*What is expected*.
Only the lines from the one containing "CHFsmoke-shop.ch1,20 CHF 50" through the last line of the data below belong in your answer, copied exactly and without pictures.

[Start of section]

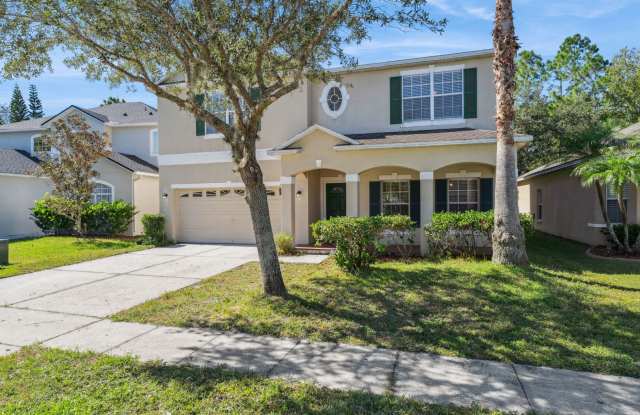 Large 6 Bedroom Rental in Gated Avalon Lakes Available Now! photos photos Large 6 Bedroom Rental in Gated Avalon Lakes Available Now! photos photos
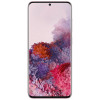 Samsung Galaxy S20 / 5G / Rose + Film de protection Nano Glass 9H offert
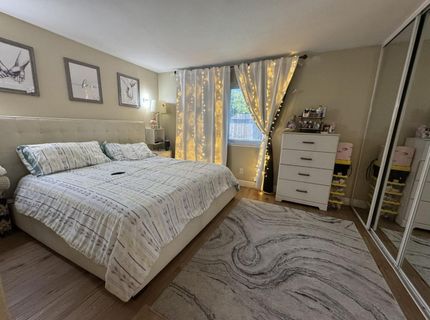 6904 Winlock Ave, Citrus Heights, CA 95621 Photo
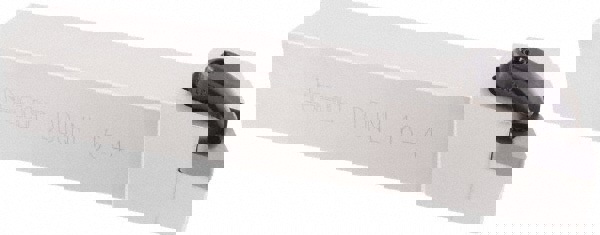 Indexable Turning Toolholder: DDJNL16-4, Clamp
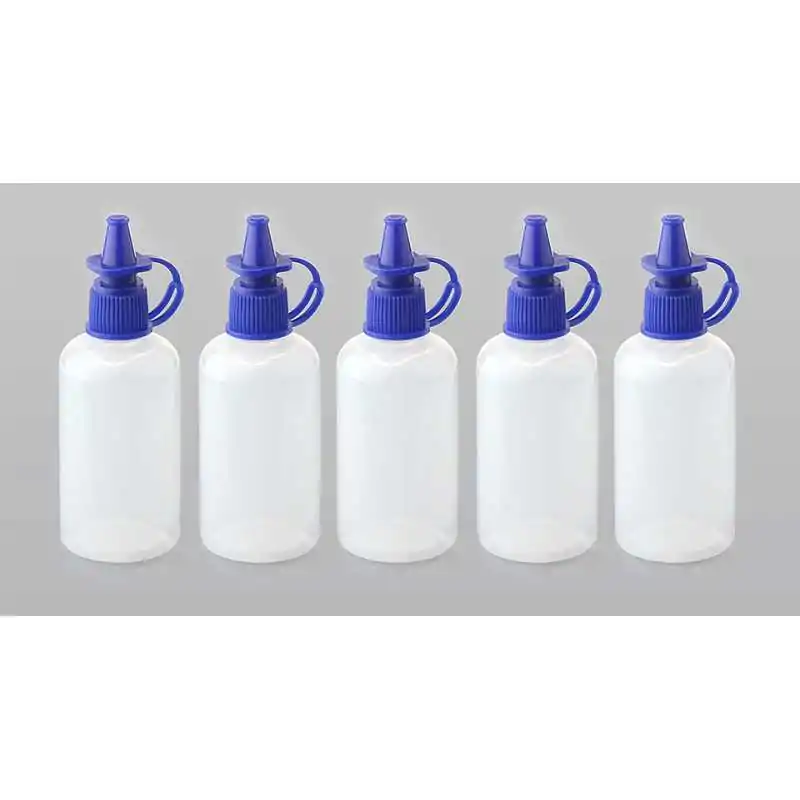 50 ml - PE Nadelflasche mit Verschlusskappe - BlauLieferumfang: 1x PE Nadelflasche mit blauem Verschluss vers. GrössenFüllmenge 50 ML PET Flasche mit kleiner Nadelsprize zum einfachen befüllen von E-ZigarettenVerschlusskappe mit langer Nadel 10165Flaschen1,20 CHFsmoke-shop.ch1,20 CHF 50 ml - PE Nadelflasche mit Verschlusskappe - BlauLieferumfang: 1x PE Nadelflasche mit blauem Verschluss vers. GrössenFüllmenge 50 ML PET Flasche mit kleiner Nadelsprize zum einfachen befüllen von E-ZigarettenVerschlusskappe mit langer Nadel 10165Flaschen1,20 CHFsmoke-shop.ch1,20 CHF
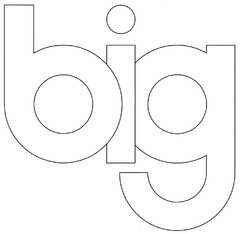 big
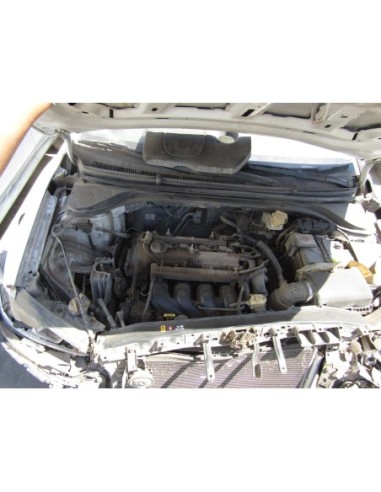 HYUNDAI ELANTRA 2017%separator% %shop-name%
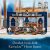 LEGO Harry Potter Ravenclaw House Banner Building Kit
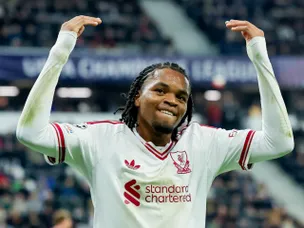 Deal breaker: Ngumoha ‘craves’ one guarantee before signing Reds contract
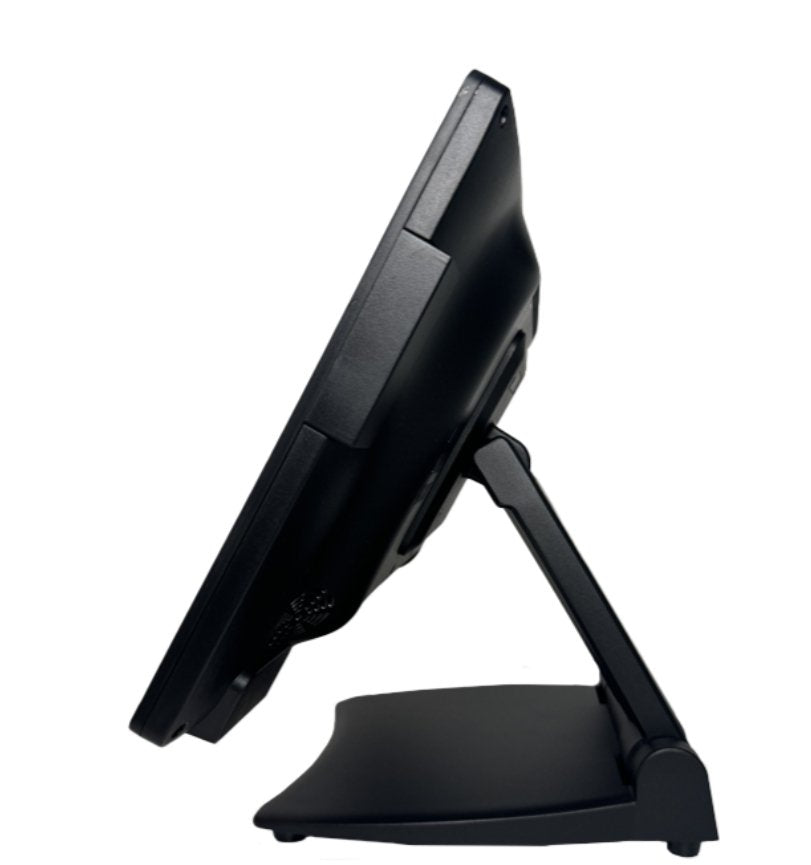 Tpv Premier Kt-100 Ft Intel I5-1235u 8gb 128gb Ssd 15.6' Táctil Wifi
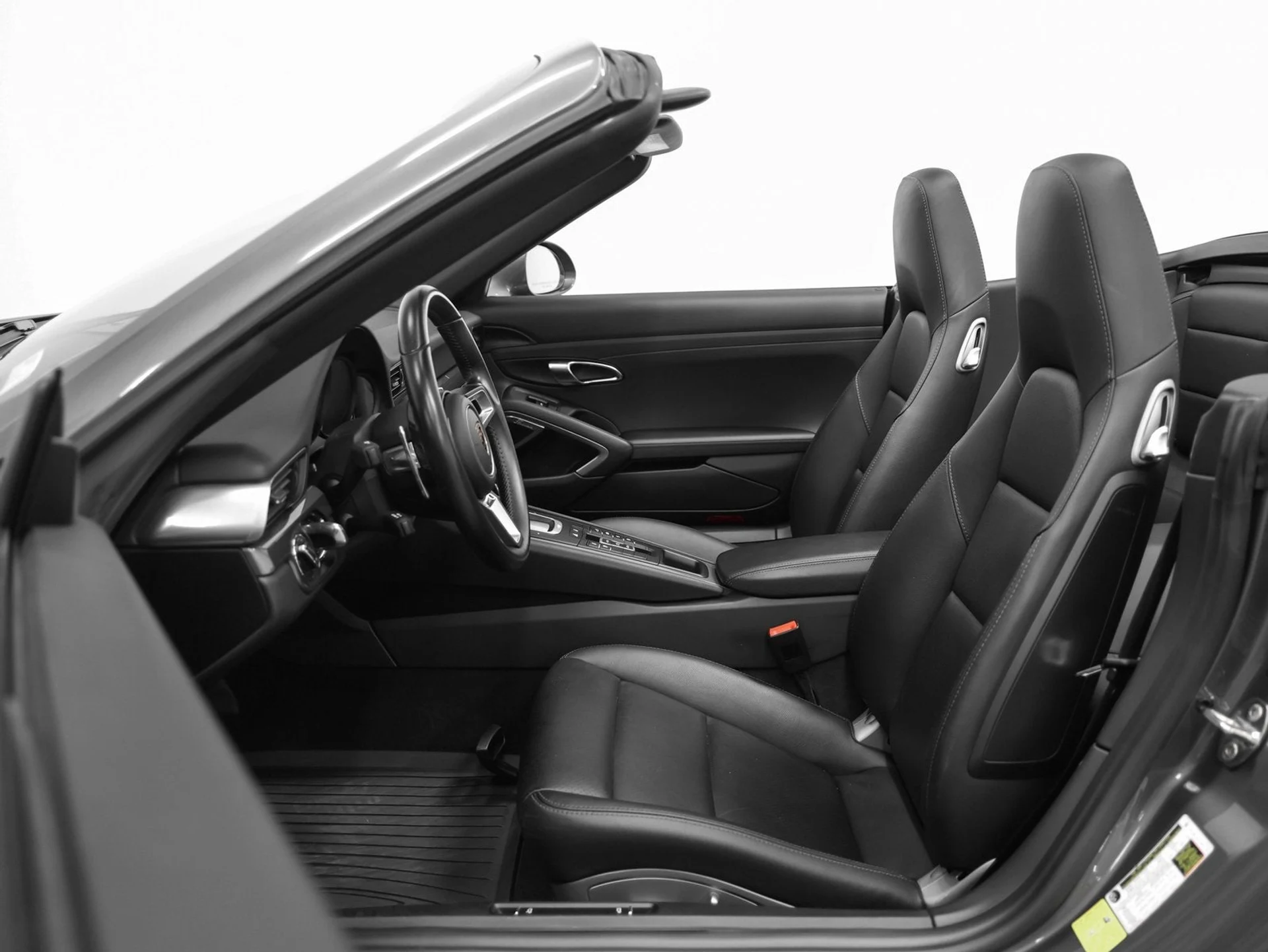 mph053_3260633761_54_fac5258dbf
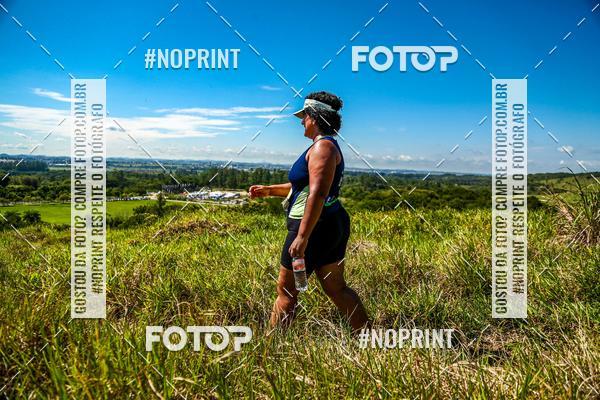 Buy your photos of the eventCross Country Gamaia Vinac 2019 on Fotop
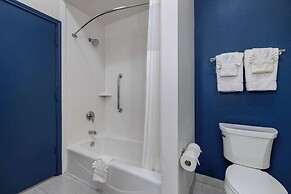 Spark by Hilton Nacogdoches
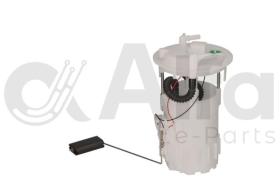 ALFA E-PARTS AF01651 - SENSOR NIVEL COMBUSTIBLE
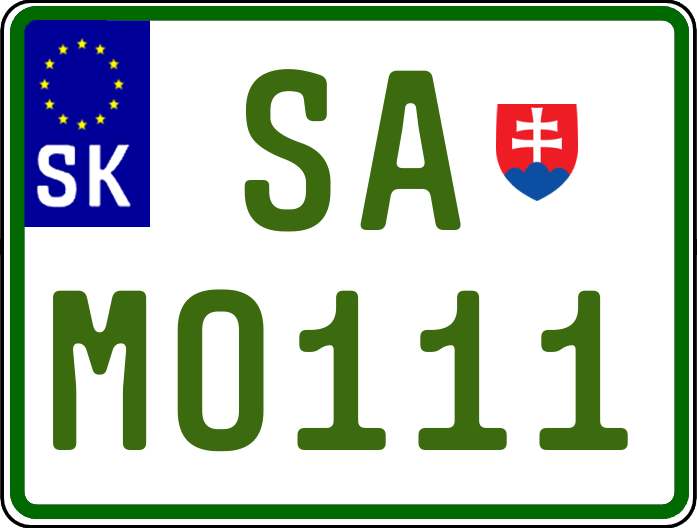 Typ IV - Elektro 2R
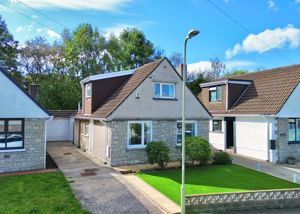 Photo 1- click for photo gallery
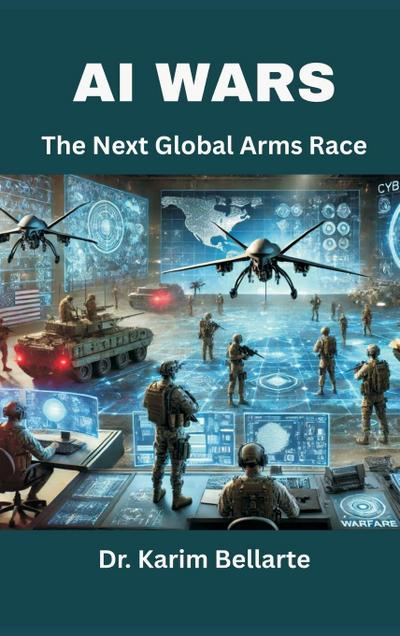 AI Wars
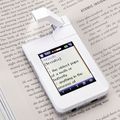 Dictionary-pointandclick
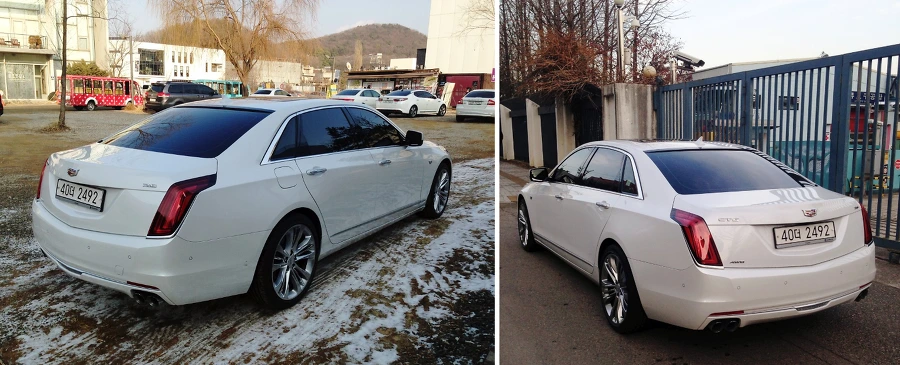 99D4AB435C203DC2305140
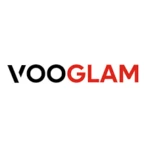 Vooglam.com logo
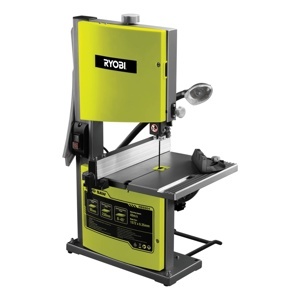 Máy cưa lọng vòng Ryobi RBS904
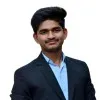 Gokul Akhade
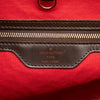 Louis Vuitton Damier Ebene Cabas Rivington Secondhand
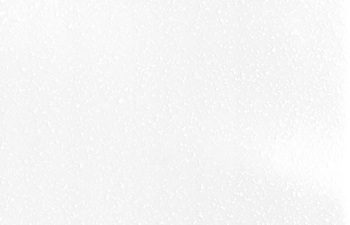 8103. Iceberg White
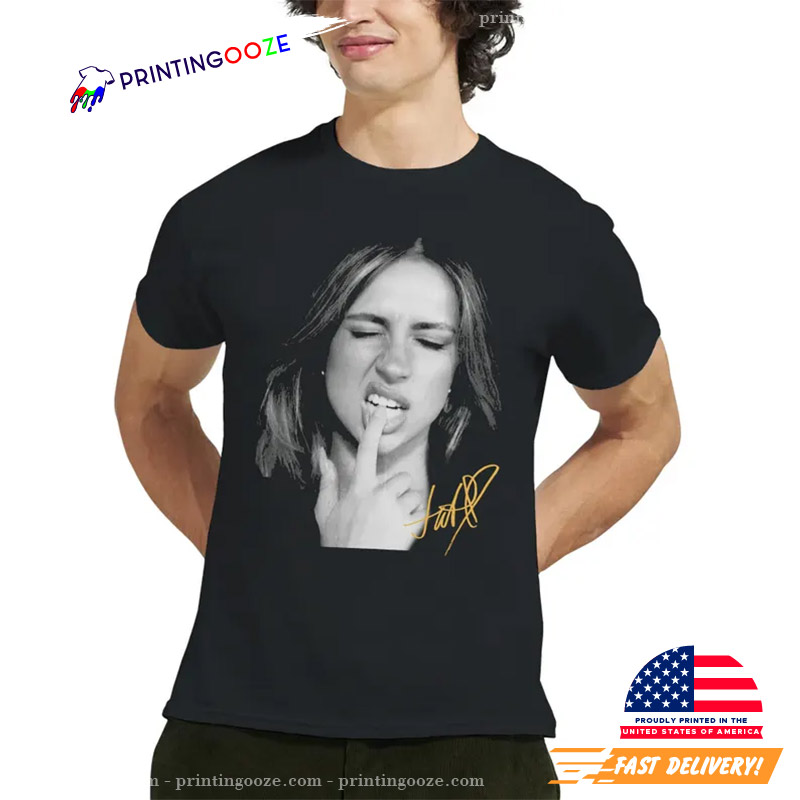 Tate McRae 2025 Concert Tour 2025 Shirt Tate McRae 2025 Concert Tour 2025 Shirt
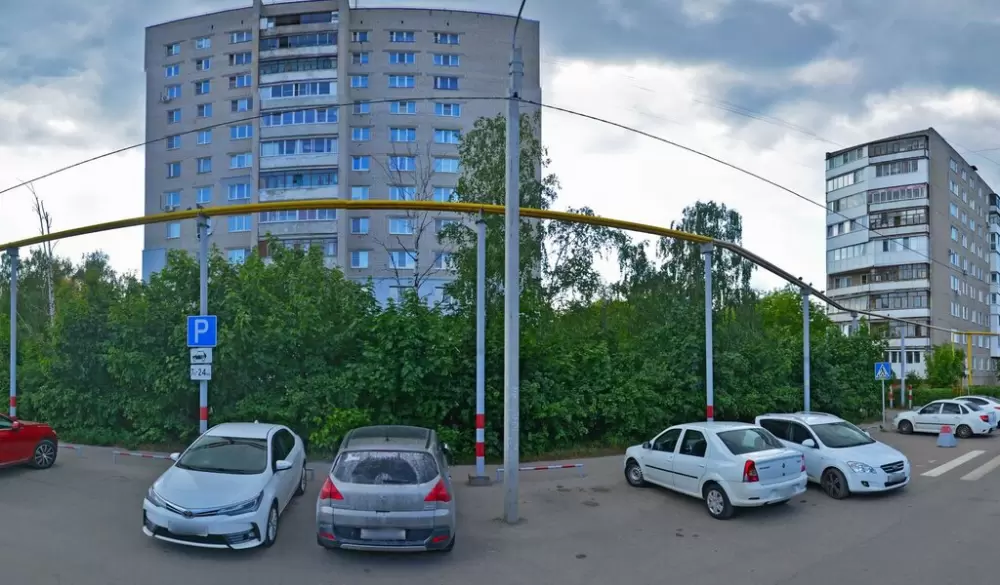 слайд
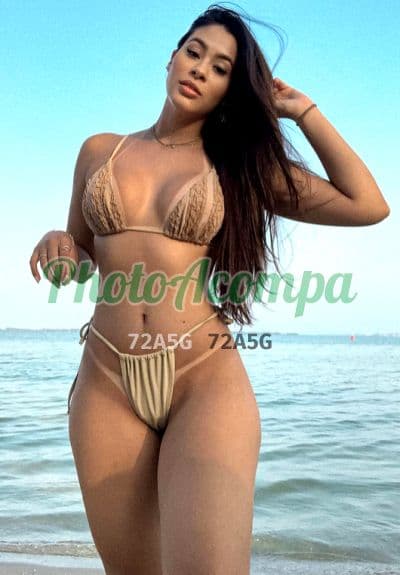 Foto 2: Acompanhante em Rio de Janeiro — beijo na boca, Camilla Ferraz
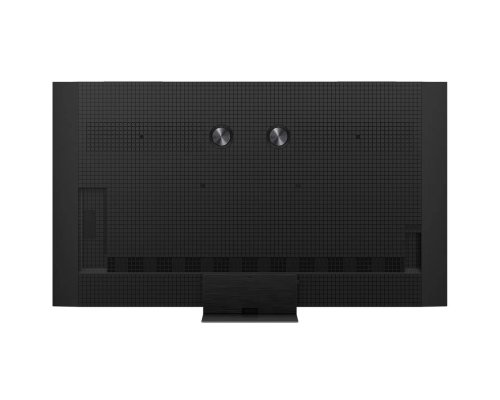 TV TCL 55C8L (2026)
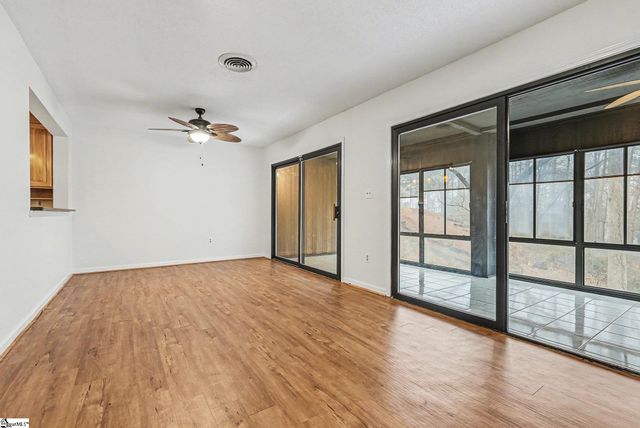 1709 Leeward Road, Anderson, SC 29625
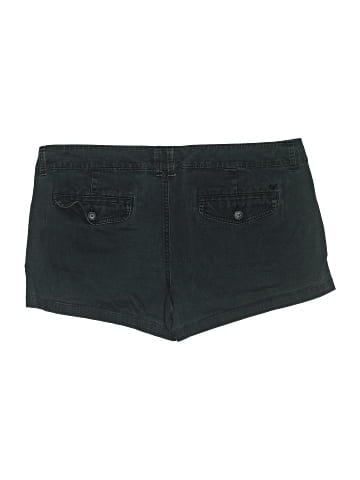 American Eagle Outfitters Shorts (view 2)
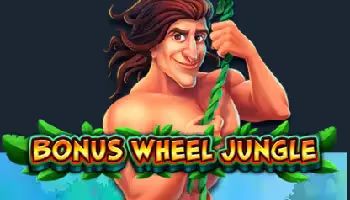 Platinum Reels Casino Games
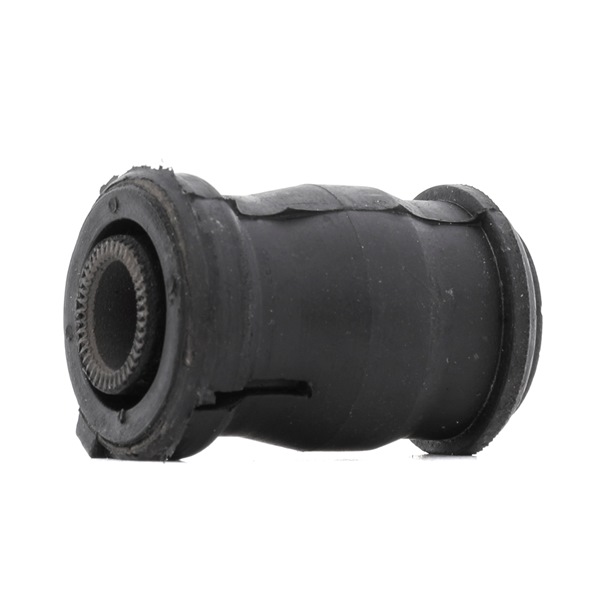 SAKURA 4233786 Silentblock suspension Corolla IX Berlina (E120) 1.5 (NZE121) Gasolina 109 cv 2004 precio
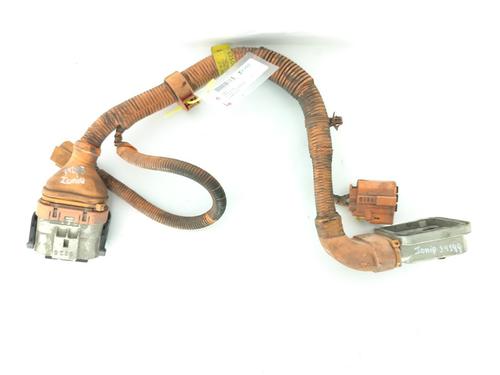Used Electronic module HYUNDAI IONIQ (AE) Elektro (34 hp) 21052527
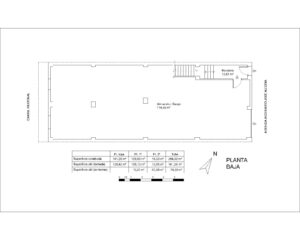 Casa en venta en Zarandona, Murcia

[End of section]

*Task result*.
 50 ml - PE Nadelflasche mit Verschlusskappe - BlauLieferumfang: 1x PE Nadelflasche mit blauem Verschluss vers. GrössenFüllmenge 50 ML PET Flasche mit kleiner Nadelsprize zum einfachen befüllen von E-ZigarettenVerschlusskappe mit langer Nadel 10165Flaschen1,20 CHFsmoke-shop.ch1,20 CHF 50 ml - PE Nadelflasche mit Verschlusskappe - BlauLieferumfang: 1x PE Nadelflasche mit blauem Verschluss vers. GrössenFüllmenge 50 ML PET Flasche mit kleiner Nadelsprize zum einfachen befüllen von E-ZigarettenVerschlusskappe mit langer Nadel 10165Flaschen1,20 CHFsmoke-shop.ch1,20 CHF
 big
 HYUNDAI ELANTRA 2017%separator% %shop-name%
 LEGO Harry Potter Ravenclaw House Banner Building Kit
 Deal breaker: Ngumoha ‘craves’ one guarantee before signing Reds contract
 Tpv Premier Kt-100 Ft Intel I5-1235u 8gb 128gb Ssd 15.6' Táctil Wifi
 mph053_3260633761_54_fac5258dbf
 Buy your photos of the eventCross Country Gamaia Vinac 2019 on Fotop
 Spark by Hilton Nacogdoches
 ALFA E-PARTS AF01651 - SENSOR NIVEL COMBUSTIBLE
 Typ IV - Elektro 2R
 Photo 1- click for photo gallery
 AI Wars
 Dictionary-pointandclick
 99D4AB435C203DC2305140
 Vooglam.com logo
 Máy cưa lọng vòng Ryobi RBS904
 Gokul Akhade
 Louis Vuitton Damier Ebene Cabas Rivington Secondhand
 8103. Iceberg White
 Tate McRae 2025 Concert Tour 2025 Shirt Tate McRae 2025 Concert Tour 2025 Shirt
 слайд
 Foto 2: Acompanhante em Rio de Janeiro — beijo na boca, Camilla Ferraz
 TV TCL 55C8L (2026)
 1709 Leeward Road, Anderson, SC 29625
 American Eagle Outfitters Shorts (view 2)
 Platinum Reels Casino Games
 SAKURA 4233786 Silentblock suspension Corolla IX Berlina (E120) 1.5 (NZE121) Gasolina 109 cv 2004 precio
Used Electronic module HYUNDAI IONIQ (AE) Elektro (34 hp) 21052527
 Casa en venta en Zarandona, Murcia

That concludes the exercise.